Sandeen set his cup down on the counter. A large knife rested on the island. He hooked it on his pants. Boone had also taken all his hunting rifles and shotguns. Sandeen could’ve used those, but blades would have to do. He didn’t want to risk buying a gun with his fake identity. No need to flirt with trouble.
He passed a ball cap but ignored it. Getting it over his horns was one thing, but his hair had grown thick and shaggy. Since he’d been alone for months, he’d quit trying to trim it. Same with shaving.
In the underworld, he’d been fastidious about his hair, facial hair included. Anything that could be used as a handhold for an enemy was kept short. And in the underworld, every demon was an enemy—including his sire.
Other high-level demons like his sire had underestimated his softly feathered wings for years. Sandeen had let them. Same with his horns.
Sandeen slipped outside and squinted into the sky. The crows had moved closer. The bird on the left tilted its head as it peered into the canopy of the trees. Sandeen flared his wings out and curled them around his body. Their silky darkness cast the same shadows as the trees until he was nothing more than a moving shadow.
He sidled left of the second bird. Hopefully whatever had interested the crows so much wouldn’t have the same advantage as him. Toeing his way through the underbrush, he took his time. Movement in the trees caught his attention.

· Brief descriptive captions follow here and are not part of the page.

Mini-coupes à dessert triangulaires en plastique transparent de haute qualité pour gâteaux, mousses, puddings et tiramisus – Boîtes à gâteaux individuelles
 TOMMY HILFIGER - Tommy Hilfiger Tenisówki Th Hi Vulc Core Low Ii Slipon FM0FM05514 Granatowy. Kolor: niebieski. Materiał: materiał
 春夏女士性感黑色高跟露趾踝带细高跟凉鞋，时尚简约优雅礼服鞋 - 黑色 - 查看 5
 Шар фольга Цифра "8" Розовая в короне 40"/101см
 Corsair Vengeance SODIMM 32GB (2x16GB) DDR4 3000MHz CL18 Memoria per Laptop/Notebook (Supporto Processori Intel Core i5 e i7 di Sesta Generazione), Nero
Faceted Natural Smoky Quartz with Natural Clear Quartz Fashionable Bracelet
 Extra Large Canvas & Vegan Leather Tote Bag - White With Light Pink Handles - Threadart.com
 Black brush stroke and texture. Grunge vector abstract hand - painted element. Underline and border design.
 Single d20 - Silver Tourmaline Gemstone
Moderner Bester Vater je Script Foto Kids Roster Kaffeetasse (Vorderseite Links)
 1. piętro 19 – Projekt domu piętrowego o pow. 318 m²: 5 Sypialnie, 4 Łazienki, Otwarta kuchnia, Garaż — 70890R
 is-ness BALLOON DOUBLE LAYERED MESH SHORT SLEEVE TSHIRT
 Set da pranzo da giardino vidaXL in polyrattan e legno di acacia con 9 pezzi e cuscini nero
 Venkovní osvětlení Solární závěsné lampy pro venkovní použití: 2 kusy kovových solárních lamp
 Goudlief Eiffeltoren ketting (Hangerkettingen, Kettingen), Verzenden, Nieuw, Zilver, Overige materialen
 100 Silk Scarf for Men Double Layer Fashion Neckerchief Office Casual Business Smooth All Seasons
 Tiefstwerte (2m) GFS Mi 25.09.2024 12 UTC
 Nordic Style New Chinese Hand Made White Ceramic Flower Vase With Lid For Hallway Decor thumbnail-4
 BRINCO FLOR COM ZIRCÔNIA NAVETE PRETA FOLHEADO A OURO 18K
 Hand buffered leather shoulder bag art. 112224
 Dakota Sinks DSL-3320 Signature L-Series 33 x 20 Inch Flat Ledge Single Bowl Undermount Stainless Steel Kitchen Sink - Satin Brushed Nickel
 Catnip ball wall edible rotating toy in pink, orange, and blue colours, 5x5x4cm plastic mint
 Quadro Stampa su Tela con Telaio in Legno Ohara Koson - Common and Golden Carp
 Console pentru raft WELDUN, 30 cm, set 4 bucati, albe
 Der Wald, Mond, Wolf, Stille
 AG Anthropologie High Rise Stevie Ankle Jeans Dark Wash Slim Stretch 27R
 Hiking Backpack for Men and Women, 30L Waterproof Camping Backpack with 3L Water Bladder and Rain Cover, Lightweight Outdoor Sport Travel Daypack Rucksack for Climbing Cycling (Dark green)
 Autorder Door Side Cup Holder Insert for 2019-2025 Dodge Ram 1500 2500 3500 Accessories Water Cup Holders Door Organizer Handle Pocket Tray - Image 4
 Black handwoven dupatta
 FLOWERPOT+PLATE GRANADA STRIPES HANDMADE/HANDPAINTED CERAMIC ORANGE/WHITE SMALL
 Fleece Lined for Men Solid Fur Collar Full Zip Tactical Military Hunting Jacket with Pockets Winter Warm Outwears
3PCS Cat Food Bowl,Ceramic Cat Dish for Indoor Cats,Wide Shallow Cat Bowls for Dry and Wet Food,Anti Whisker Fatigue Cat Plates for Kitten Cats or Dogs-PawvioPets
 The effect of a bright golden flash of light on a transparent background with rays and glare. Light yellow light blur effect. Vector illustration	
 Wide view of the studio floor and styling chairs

Ah, so it was as he’d feared. He was being hunted. And, as he’d suspected, it wasn’t his fellow Daemon.
Oh, they were looking for him. But they had no idea this cabin existed and lacked the technical savvy to track his electronic trail, if they could even determine where it started.
But angelic warriors wouldn’t be so daunted. He’d known they would hunt him. He’d given them the nudge they’d needed to help their fallen friend and her human lover, Boone. But he’d also had to show his hand to do it. They wouldn’t let him go so easily.
The second crow flew closer to his cabin, its head cocked in the same direction as the first. Just one warrior. And judging by the long, lithe body and long blond braid, Sandeen knew exactly who hunted him.
His quiet life was about to be upended. There was no way the warrior would leave without knowing who, exactly, resided here. He should be irate. He should be raging at the unfairness. He should be planning how to kill his opponent.
Yet a smile stretched his lips. He’d faced this warrior before, but always while he was in a host. This time, it would be just him. And just her.